O cara tem de ser equilibrado em uma miríade de circunstâncias que constituem a sua vida. Tem de ter uma existência meio bossa nova e rock’n roll. Ou seja, tem de ser meio louco para não ficar sempre na mesmice quadrada, mas ao ser ousado tem que cuidar a sua integridade física, moral e psicológica. Toda vez que descuidamos e exageramos na ousadia/loucura, além dos problemas concretos que criamos, somos julgados pelo tribunal da razão alheia, local que “volti-e-meia” ocupamos no vacilo dos outros. Enfim, o cara não pode ser muito hedonista, porém também não pode ter uma relação estéril com o prazer.
O cara tem de fazer exercício regularmente, tem de cuidar o que come, onde mora, da sua imagem e do seu ego (é importantíssimo ser pelo menos tão autocrítico consigo quanto se é crítico com os outros). Os filhos únicos, em geral, têm de redobrar os cuidados, na medida em que muitas vezes foram criados por pais que não se trataram e que acabaram estimulando o desenvolvimento de déspotas egoístas. O cara tem de ser inteligente, sagaz e bem-humorado, caso deseje ser (reconhecido como) uma pessoa interessante.
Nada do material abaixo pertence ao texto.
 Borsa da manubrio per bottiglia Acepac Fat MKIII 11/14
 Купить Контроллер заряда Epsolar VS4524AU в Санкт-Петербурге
Esses são alguns dos meus critérios para vislumbrar a independência plena; não acho que sejam válidos universalmente, ou seja, estou apenas compartilhando uma transparência (não quero determinar nada para ninguém). Em suma, o cara tem de ser independente na relação com os outros, porém deve saber que é no contato com os outros que mostramos quem realmente somos. Quiçá, essa seja uma interpretação possível do verso de Pessoa: “eu não sou, eu sou o outro”; isto é, os outros são o nosso termômetro existencial.